The current situation has revealed how poorly prepared we are to deal with pandemics, and we only need look at the history of the coronaviruses to realize that more pandemics are in store.

Two key strategies that can be implemented now include strengthening disease surveillance and developing treatments that are active against a broad range of viruses. In terms of surveillance, changes in land use and encroachment on wildlife preserves have been linked to zoonotic disease outbreaks. This interface needs to be better regulated and managed. Clinics should be established near these interfaces and geared towards looking for early signs of pathogen-induced disease, including those displayed in domesticated animals. Wider mapping of viruses that exist in animal populations, particularly bats, should be promoted. Mobile phone-based disease surveillance should be more broadly utilized. This could be a powerful approach — a joint study between Google and the CDC to track influenza outbreaks based on Google search queries accurately estimated the weekly influenza activity across the United States with a reporting lag of only one day. GPS tracking, credit card usage, and other measures can also be used to track the effectiveness of isolation protocols and disease spread. 

 

The identification of therapeutics that are effective against a broad range of viruses would allow us to have something ready in our drug arsenal when a new virus emerges. One approach to this is to have a better understanding of existing treatments.

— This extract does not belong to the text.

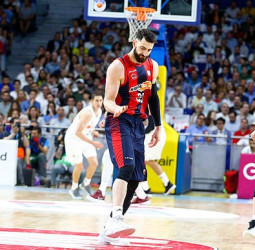 KIROLBET Baskonia y sus tres títulos de Liga Endesa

For example, it has previously been shown that the oral polio vaccine provides a broader spectrum of protection than anticipated. Specifically, it appears to limit influenza viral infections, to accelerate recovery from herpes simplex virus infections, and to control an unrelated acute poliomyelitis-like disease. Better defining the underlying immune mechanisms by which such vaccines produce unexpected benefit against unrelated viruses should be a priority, so that these features can be engineered into newly developed treatments. We must remember that viruses are simple, non-living organisms that must infect a host in order to survive. Understanding this process could yield new, broadly-applicable therapeutic strategies that are effective against many different types of viruses.  Early investment in such strategies should help us “armor up” for the next pandemic, whenever it may come.  Although clearly predicted, the COVID-19 pandemic has brought the world to a near complete stop, with economies suffering recessionary-like drops.   We can, and must, do better with the next global infectious threat than we have with COVID-19. Our success will stem from more vigorous support of science, coupled with heightened pandemic preparedness.